La presse en France connaît des temps difficiles.
Parmi les coups durs : la poursuite effrénée des concentrations dans la presse écrite et dans l’audiovisuel ou chez les opérateurs de télécommunications et de diffusion, l’entrée des industriels et des financiers dans le capital des grands quotidiens nationaux, des fonds de placement et des fonds de pension dans les entreprises de presse en difficulté, la fermeture de titres et de chaînes, le « dégraissage » des rédactions, les atteintes répétées contre l’indépendance des journalistes, les perquisitions dans les rédactions et au domicile des journalistes, les dérapages, la priorité donnée au traitement de l’information « people » ou aux faits divers plutôt qu’au social et la transformation des médias dominants en autant d’instruments partisans de propagande.

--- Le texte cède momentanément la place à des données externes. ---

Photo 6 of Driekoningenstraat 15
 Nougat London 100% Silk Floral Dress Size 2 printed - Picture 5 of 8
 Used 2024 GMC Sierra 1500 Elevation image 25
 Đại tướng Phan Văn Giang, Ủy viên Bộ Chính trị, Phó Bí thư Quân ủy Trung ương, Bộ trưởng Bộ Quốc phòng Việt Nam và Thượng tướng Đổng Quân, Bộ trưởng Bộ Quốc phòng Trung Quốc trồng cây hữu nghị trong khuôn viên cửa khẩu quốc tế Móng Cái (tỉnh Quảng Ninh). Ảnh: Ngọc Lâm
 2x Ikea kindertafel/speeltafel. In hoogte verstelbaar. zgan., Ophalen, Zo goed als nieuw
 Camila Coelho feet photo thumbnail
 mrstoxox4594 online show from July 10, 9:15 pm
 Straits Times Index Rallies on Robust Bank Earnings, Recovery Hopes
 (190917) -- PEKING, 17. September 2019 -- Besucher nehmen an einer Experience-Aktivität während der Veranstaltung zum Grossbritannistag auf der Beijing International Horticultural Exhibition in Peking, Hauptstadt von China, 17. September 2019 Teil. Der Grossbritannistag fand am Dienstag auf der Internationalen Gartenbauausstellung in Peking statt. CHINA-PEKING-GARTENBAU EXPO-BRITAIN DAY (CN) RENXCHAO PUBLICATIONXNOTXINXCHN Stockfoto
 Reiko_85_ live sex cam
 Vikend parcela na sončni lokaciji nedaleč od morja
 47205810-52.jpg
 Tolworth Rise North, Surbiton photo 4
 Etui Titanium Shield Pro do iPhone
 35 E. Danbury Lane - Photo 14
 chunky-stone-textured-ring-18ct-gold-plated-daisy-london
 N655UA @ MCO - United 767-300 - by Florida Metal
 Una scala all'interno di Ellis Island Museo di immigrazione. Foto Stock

Les transformations du paysage français des médias sont telles depuis vingt ans qu´il n’est absolument pas exagéré de parler de véritable rupture. Si l’extraordinaire enrichissement de l’offre médiatique est l’une des manifestations les plus visibles de cette rupture, celle-ci se constate également dans la transformation du cadre juridique et institutionnel, dans la mutation profonde de l’économie des médias et l’activité des entreprises, mais encore dans les rapports qu’entretient la société avec ses moyens d’information.
Mais si rupture il y a, des spécificités françaises demeurent. Il existe des modèles d’organisation, de rapport au politique, de traitement des rapports sociaux propres aux médias français, au point que l’on parle d’un «modèle français» différent d’un «modèle dit anglo-saxon». La place de l’Etat est, à cet égard, significative. En effet, en France, l’Etat est appelé à jouer un rôle de soutien financier, d’arbitre ou de régulateur, impulsant les nouveaux médias et technologies, mais assurant aussi la tutelle des médias publics. Et ces singularités – ces interventions fréquentes de l’Etat - expliqueraient les difficultés qu’ont les médias français à s’insérer dans un cadre européen, voire même international, où prédominent les conceptions anglo-saxonnes.
L’émergence de géants de la communication, à l’activité mondialisée, représente bien l’un des signes majeurs de la profonde mutation de l’économie des médias. À tous les niveaux, on constate que les méthodes de travail, les techniques, les contenus éditoriaux s’internationalisent. Tel est le cas du magazine féminin Elle, qui publie plus d’une trentaine d’éditions de par le monde, incarnant ainsi la «French touch». Il n’empêche que - pour poursuivre dans l’examen des particularités françaises - le poids des groupes dont l’activité principale se situe hors des médias et qui vivent parfois de la commande publique (BTP, armement, service aux collectivités) est particulièrement élevé.
Les nombreuses luttes dans les rédactions, différentes dans leurs formes, pour s’opposer au nouvel ordre des choses, ont montré que, dans leur grande majorité, les journalistes aspirent à informer autrement et à libérer l’information.